Chrysler-Gläubiger trotzen US-Regierung

Die Gläubiger des ums Überleben kämpfenden US-Autobauers Chrysler bieten der amerikanischen Regierung die Stirn. In den Verhandlungen um einen Schuldenabbau für Chrysler ist eine Gruppe von Großbanken und anderen Kreditgebern laut US-Medien nur zu weit geringeren Zugeständnissen bereit als von der Regierung gefordert. Die Gläubiger-Gruppe wolle statt der vom US-Finanzministerium verlangten 85 Prozent nur 35 Prozent ihrer Ansprüche in eine Minderheitsbeteiligung an Chrysler umwandeln. Das berichtete am Dienstagabend (Ortszeit) das "Wall Street Journal" unter Berufung auf ein der Zeitung vorliegendes Angebot der Gläubiger. Das Ultimatum von US-Präsident Barack Obama für eine Einigung und einen überzeugenden Sanierungsplan von Chrysler läuft zum Monatsende ab. Eine weitere Bedingung Obamas ist der geplante Einstieg des italienischen Fiat-Konzerns bei Chrysler, der noch immer nicht in trockenen Tüchern ist.
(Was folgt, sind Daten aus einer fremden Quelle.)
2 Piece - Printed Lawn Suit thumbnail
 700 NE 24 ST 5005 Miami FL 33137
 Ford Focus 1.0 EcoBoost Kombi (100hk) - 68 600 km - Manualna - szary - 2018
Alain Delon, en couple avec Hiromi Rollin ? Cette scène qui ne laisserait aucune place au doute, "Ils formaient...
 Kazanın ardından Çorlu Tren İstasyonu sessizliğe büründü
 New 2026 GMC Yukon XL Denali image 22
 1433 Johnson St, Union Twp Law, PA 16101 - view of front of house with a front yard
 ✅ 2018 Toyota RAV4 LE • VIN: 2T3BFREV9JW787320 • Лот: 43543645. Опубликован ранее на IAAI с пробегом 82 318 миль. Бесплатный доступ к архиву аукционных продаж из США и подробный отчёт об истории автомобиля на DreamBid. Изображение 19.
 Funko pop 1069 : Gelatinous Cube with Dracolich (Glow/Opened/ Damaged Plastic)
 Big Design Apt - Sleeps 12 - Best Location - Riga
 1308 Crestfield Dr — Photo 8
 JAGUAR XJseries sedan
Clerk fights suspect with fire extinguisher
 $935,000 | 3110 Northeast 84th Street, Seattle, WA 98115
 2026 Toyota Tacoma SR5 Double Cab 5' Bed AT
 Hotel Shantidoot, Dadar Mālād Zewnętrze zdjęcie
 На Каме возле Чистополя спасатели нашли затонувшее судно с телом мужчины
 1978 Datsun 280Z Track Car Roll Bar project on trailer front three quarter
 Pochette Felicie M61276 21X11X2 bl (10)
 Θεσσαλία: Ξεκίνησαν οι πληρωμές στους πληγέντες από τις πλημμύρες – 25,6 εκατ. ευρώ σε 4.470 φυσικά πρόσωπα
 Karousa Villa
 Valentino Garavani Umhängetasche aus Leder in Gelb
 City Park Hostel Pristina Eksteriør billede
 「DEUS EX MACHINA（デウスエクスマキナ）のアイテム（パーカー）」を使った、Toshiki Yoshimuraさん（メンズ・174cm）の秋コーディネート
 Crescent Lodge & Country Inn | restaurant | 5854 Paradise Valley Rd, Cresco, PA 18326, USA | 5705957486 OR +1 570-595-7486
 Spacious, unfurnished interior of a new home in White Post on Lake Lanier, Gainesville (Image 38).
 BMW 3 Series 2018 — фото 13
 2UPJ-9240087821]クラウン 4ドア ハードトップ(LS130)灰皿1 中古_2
Bei einem Scheitern droht dem drittgrößten US-Autobauer die Insolvenz und womöglich gar das endgültige Aus. Der ehemalige Chrysler-Partner Daimler will sich unterdessen so schnell wie möglich von seinem Restanteil von knapp 20 Prozent trennen. "Die Wahrscheinlichkeit, dass dies noch in diesem Jahr passiert, halte ich für größer als 50 Prozent", sagte Daimler-Chef Dieter Zetsche dem Magazin "Capital". Der Konzern führt bereits seit Monaten Gespräche über den Verkauf der Beteiligung. Im vergangenen Jahr hatte Chrysler die Bilanz der Stuttgarter mit über drei Milliarden Euro belastet. Im Falle einer Insolvenz des US-Autobauers könnten auf Daimler weitere Belastungen zukommen. US-Markt "wird zurückkommen" Zetsche sagte, er rechne in vier bis fünf Jahren mit einer Erholung des eingebrochenen US-Automarkts. "Das Geschäft wird zurückkommen, und zwar auf dem Niveau, das wir vor der Krise hatten", sagte der Manager dem Magazin. Der Rückgang der Nachfrage sei nicht auf eine verfehlte Modellpolitik der Hersteller zurückzuführen, betonte er. "Der Markt in den USA hat sich schlicht halbiert. So etwas kann man mit keinem Produktprogramm der Welt auffangen." Staatshilfen für die Branche hält Zetsche nur für eine Übergangszeit für sinnvoll. (dpa)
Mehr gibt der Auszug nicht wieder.